16 strand, 12 strand, and 3 strand.

Joe


----------



## Kneejerk Bombas (May 19, 2003)

Tim, you 're going to tell me every time you want toast you put bread in the toaster? You never rub two sticks together until there is enough heat to start dry leaves on fire, then throw on some small sticks, then hold the bread just the right distance from the fire, to make the toast?
Type 'til you drop, I know you rub sticks.

Joe does too.


----------



## Tim Gardner (May 19, 2003)

Dang Mike I thought this thread was about rope not food. Or was that a ploy to distract the readers from the subject?


----------



## Kneejerk Bombas (May 19, 2003)

OK Tim, about twice a year I natural crotch rig, very light stuff, and usually the tail of my climbing rope. Almost every time I regret it.


----------



## Joe (May 19, 2003)

Mike's flaming the boards. 

Arbormaster has taken over.

(shaking finger at Mike) "Now Mike, you should know better than to throw away some perfectly good sticks.
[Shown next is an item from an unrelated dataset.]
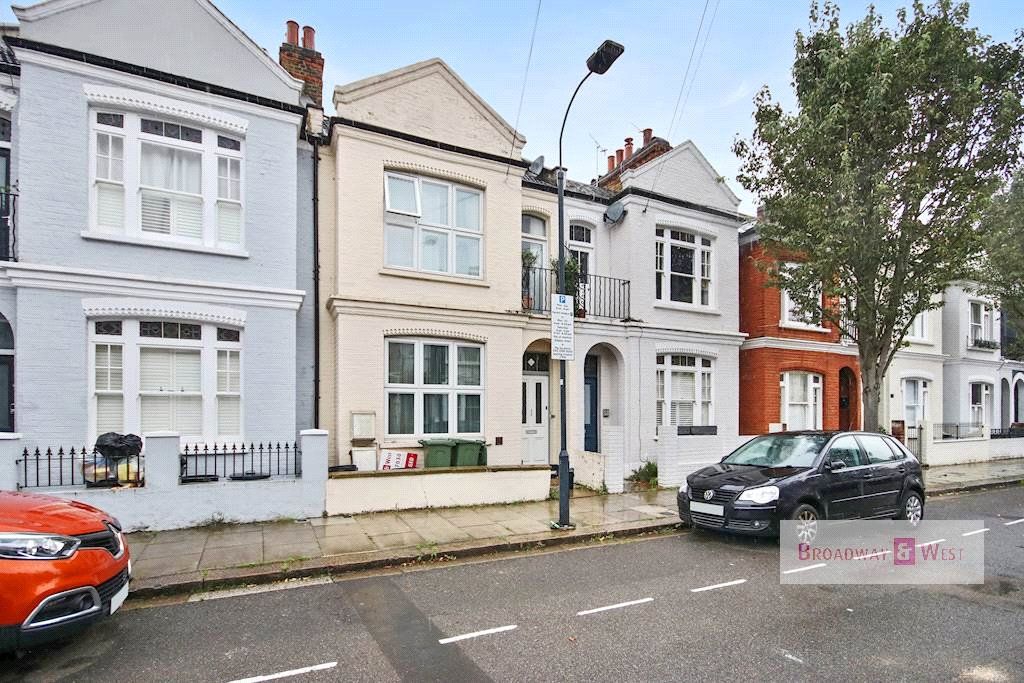 Property photo 1 of 15 Picture No. 14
One must always remember to use what resources are available. What about when the toaster is broken or the electric is out?"

Joe


----------



## Tim Gardner (May 20, 2003)

Mike, I am not trying to undermine you or Tom’s credibility in any way. The two of you have worked hard and earned respect. I have not said natural crotch rigging is ok. It is not. However it is not as bad as you make it out to be. I have personally used 16 strands for two years running them through natural crotches and then only retired them because of age. A new rope can be destroyed in only one lower or it can be used thousands of times depending on how the climber uses it. Most of the time a pulley/friction break works better for control, rope wear, etc. but then there are times when a natural crotch will work. If I sat down and figured it out the ropes I use for natural crotch rigging wind up costing me less than a penny per foot if I add in the number of jobs completed with them. Come on guys, how much do you expect for your $110.00 worth of rope? Ten, 20 or more years? And since you guys want to compare other things to rope I bet you do not wet asphalt or concrete driveways when you are maneuvering your trucks and chippers do you? A truck tire can cost over $150.00 and you guys are not lubricating the driveways with water so as not to wear them down when turning the steering wheel? What about loading a truck with a skid steer? I bet you do not wet the driveways or street then either. That tandem flatbed trailer wears tires out pretty fast too huh? You probably don’t even think about spraying down the street before turning it around with a heavy load on it. But you guys will jump at the chance to reply about how stupid or backwards someone is for using a natural crotch to rig from. 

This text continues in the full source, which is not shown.